I'm currently studying for the amateur radio exam and I've come across a question which, in theory, should be simple but it entirely eludes me.
In short:
If the potentiometer is 10KOhm what value should R3 be for Vout to be 1% of Vin at the POTs minimum setting.
(R1 and R2 are supplementing a POT to help me think it through)
I understand the potential divider equation, but it's the ratio that confuses me. Or more precisely how to apply that ratio to let R3 be of a sufficient value to make sure "minimum".
So my thinking started as follows:
According to my reading if R2 is an order of magnitude higher than R1, Vin = Vout. OK great, adding to R3 shouldn't make a difference.
Conversely if R2 is smaller, the voltage will be smaller – Great
At minimum, the POT is effectively 10K. which means Vout = VIn. I presumed R1 would be 10K, whilst R2 would be 10K – I'm guessing this is wrong.
I tried flipping it over, but the same problem.

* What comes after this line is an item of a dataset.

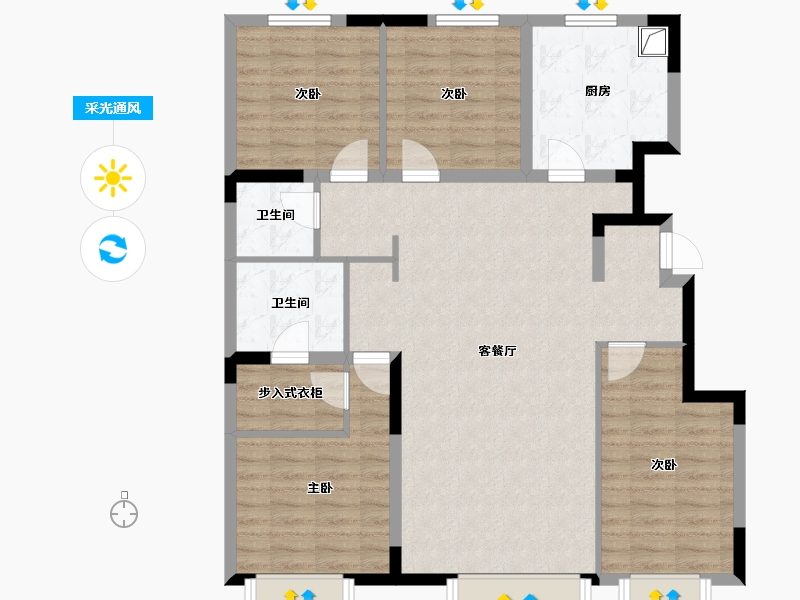 吉林省-长春市-领秀蓝珀湖4期-108.80-户型库-采光通风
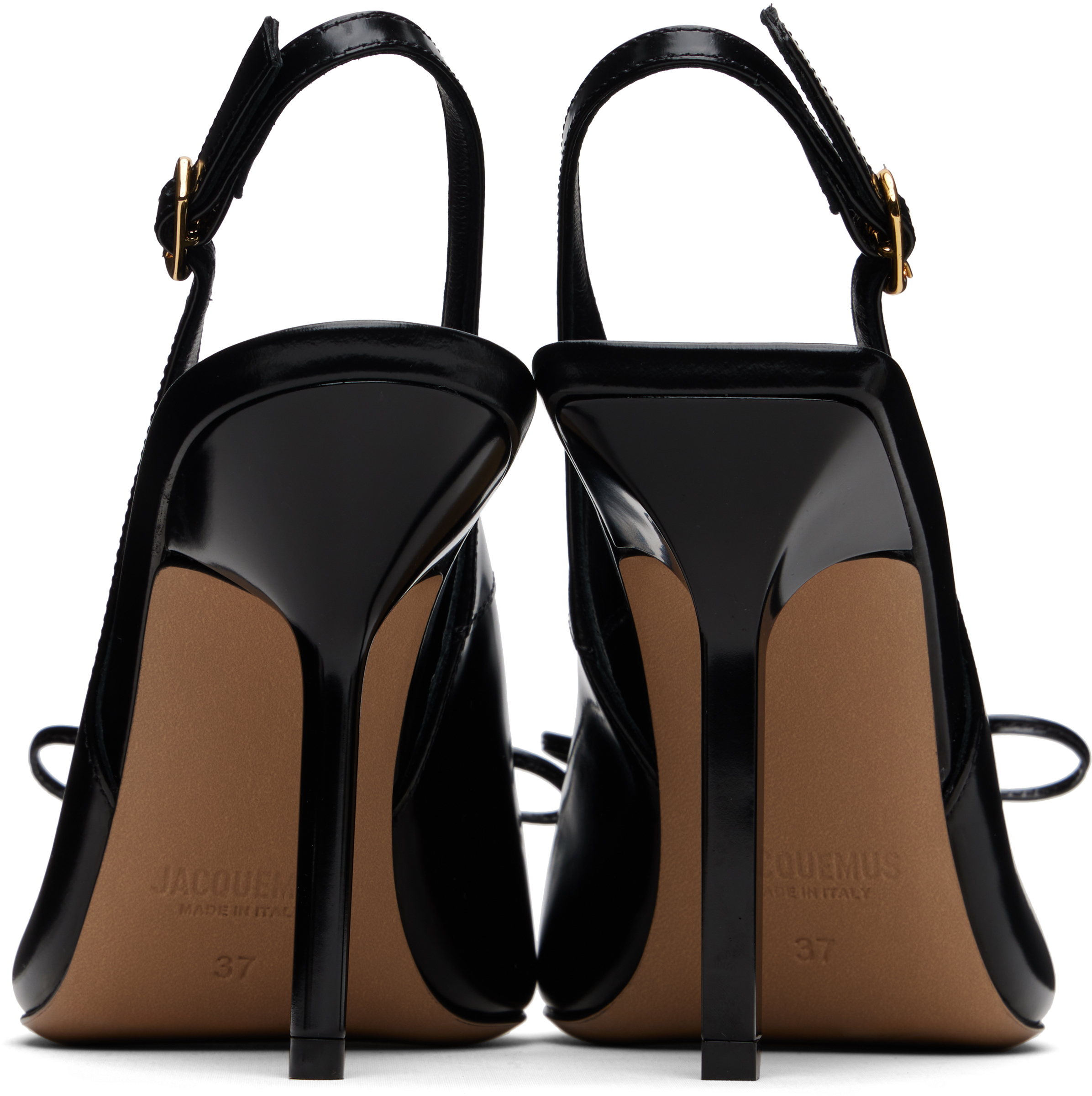 Jacquemus 100mm Les Cubisto H Leather Slingbacks In Black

What's my glaring mistake – is there somewhere that'll teach me to fish as it were
[edit] Big thanks to everyone. I'll leave this question intact as the answers are correct. However, my question is in the comments (oops)
Best Answer
If the pot is at its minimum setting then R2 will effectively be 0 and R1 will be 10kohm. This means:
\$ {R_3 \over (10k\Omega+R_3)} = 0.01 \$
Solving for R3 we get 100ohm (normalized for E24).